→ TASK PROMPT: Your answer is the lines below, exactly, from the one that contains "garnier skin naturals" through the one that contains "Tarjeta De Agradecimiento", both included.
[TASK MATERIAL — start]
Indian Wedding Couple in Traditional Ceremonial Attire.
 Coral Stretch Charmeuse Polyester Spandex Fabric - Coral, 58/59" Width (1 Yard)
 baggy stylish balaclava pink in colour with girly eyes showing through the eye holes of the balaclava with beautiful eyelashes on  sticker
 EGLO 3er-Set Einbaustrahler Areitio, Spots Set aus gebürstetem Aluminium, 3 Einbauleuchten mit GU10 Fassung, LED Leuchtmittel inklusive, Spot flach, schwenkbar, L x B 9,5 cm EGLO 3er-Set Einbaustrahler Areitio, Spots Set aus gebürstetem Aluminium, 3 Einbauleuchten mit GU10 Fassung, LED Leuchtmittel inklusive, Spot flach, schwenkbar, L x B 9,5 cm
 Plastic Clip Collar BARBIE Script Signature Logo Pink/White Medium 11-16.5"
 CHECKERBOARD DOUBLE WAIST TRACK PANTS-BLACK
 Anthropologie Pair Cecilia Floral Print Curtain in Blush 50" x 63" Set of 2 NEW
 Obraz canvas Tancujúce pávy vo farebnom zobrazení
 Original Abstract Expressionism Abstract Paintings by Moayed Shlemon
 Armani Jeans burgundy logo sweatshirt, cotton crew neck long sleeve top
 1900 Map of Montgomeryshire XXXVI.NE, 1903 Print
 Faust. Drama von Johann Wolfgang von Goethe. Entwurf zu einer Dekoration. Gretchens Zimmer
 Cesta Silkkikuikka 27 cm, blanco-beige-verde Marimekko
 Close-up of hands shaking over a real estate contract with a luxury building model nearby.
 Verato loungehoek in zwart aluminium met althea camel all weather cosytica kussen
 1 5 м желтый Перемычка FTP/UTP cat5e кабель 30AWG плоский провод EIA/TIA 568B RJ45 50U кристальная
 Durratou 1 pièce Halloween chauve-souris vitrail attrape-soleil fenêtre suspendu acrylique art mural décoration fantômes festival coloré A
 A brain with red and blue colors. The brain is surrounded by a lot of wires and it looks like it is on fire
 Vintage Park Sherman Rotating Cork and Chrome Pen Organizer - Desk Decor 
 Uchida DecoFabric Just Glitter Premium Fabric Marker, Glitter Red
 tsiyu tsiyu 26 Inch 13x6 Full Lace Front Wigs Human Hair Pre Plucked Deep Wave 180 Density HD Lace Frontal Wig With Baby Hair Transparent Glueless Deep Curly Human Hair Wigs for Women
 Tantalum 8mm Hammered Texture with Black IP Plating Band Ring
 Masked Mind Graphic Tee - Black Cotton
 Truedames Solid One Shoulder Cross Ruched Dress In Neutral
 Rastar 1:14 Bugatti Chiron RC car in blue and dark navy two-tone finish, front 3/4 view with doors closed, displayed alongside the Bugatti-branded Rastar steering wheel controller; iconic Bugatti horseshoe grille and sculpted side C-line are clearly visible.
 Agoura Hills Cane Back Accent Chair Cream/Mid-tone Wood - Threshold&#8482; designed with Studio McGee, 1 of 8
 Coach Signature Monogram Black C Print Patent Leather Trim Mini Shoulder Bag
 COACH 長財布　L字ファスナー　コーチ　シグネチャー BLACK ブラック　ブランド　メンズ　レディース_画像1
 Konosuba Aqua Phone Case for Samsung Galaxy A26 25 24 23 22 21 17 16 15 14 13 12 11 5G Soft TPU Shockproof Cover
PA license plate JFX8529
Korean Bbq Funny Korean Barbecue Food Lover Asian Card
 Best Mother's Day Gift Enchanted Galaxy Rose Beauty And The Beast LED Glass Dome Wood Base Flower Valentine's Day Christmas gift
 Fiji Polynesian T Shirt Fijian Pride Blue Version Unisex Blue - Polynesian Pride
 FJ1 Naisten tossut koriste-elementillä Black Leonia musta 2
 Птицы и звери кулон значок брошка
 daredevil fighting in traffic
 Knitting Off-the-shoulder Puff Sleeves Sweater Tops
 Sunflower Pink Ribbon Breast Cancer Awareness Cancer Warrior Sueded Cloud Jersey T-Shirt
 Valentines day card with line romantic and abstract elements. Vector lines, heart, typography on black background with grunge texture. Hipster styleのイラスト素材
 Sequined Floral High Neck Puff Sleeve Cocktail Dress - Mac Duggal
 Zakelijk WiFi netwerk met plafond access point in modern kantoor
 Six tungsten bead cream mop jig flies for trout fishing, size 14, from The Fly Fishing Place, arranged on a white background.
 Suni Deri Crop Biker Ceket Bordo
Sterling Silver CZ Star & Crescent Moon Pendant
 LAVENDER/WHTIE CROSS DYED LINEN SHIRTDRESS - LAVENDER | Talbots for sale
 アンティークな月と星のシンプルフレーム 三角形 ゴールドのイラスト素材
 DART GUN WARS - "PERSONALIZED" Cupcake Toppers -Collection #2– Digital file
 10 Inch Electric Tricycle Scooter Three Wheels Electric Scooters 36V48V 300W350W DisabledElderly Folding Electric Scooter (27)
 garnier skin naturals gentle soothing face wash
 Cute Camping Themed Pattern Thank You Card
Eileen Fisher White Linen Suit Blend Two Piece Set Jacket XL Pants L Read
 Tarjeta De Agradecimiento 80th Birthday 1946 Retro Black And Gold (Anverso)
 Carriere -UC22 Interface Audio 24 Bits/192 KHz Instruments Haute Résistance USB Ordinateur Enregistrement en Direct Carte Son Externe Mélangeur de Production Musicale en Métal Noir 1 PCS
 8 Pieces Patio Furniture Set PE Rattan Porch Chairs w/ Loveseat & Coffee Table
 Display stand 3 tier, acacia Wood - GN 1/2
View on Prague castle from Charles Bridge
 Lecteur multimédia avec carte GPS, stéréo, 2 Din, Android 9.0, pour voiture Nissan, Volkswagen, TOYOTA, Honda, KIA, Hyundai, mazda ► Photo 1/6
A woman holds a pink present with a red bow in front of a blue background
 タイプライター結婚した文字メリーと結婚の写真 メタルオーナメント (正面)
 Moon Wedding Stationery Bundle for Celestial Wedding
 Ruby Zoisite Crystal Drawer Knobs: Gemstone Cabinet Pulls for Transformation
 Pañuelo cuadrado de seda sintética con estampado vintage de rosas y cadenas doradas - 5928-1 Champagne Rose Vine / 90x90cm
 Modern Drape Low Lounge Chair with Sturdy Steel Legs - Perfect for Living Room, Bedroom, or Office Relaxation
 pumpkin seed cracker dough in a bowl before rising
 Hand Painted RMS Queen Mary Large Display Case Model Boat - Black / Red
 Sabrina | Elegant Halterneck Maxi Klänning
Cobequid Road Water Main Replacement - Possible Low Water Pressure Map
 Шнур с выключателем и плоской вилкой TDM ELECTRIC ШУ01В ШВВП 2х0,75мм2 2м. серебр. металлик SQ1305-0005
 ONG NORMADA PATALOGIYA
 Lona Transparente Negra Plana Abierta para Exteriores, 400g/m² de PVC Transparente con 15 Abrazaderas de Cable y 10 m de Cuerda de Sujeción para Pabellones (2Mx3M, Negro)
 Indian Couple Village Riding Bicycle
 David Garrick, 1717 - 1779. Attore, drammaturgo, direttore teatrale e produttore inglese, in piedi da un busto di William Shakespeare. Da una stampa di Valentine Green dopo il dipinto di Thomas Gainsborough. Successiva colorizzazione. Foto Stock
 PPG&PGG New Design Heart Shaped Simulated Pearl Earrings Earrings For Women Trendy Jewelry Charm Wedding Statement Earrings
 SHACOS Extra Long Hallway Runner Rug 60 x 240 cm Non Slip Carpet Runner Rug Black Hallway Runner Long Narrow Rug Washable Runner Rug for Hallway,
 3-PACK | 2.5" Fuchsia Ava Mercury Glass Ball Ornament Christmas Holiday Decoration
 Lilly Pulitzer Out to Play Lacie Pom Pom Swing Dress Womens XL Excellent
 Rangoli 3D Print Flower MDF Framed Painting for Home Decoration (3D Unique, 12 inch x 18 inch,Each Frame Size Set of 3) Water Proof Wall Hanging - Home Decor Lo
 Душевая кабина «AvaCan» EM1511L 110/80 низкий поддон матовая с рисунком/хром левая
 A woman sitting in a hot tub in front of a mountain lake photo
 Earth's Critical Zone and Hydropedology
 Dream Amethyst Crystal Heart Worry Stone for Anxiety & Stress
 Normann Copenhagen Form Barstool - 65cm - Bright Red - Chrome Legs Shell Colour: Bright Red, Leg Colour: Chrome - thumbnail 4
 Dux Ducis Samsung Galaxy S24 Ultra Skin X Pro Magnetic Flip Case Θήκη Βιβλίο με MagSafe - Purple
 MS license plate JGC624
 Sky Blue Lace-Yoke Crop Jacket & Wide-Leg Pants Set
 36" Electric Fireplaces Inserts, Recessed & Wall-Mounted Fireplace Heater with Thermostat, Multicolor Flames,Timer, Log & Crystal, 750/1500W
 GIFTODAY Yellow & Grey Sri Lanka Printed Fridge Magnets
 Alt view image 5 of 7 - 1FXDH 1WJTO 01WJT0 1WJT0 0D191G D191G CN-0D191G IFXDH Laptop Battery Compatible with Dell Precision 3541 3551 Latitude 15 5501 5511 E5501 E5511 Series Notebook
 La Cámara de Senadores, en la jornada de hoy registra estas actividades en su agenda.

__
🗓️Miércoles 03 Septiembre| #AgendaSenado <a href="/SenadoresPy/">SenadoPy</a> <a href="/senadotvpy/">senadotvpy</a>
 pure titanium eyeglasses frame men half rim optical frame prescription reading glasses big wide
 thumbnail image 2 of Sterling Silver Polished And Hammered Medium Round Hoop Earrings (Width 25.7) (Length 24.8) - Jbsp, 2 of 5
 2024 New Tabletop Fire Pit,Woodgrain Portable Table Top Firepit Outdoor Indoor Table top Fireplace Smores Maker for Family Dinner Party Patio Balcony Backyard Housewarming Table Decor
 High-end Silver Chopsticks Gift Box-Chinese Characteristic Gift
[TASK MATERIAL — finish]
→ RESPONSE TO THE TASK:
 garnier skin naturals gentle soothing face wash
 Cute Camping Themed Pattern Thank You Card
Eileen Fisher White Linen Suit Blend Two Piece Set Jacket XL Pants L Read
 Tarjeta De Agradecimiento 80th Birthday 1946 Retro Black And Gold (Anverso)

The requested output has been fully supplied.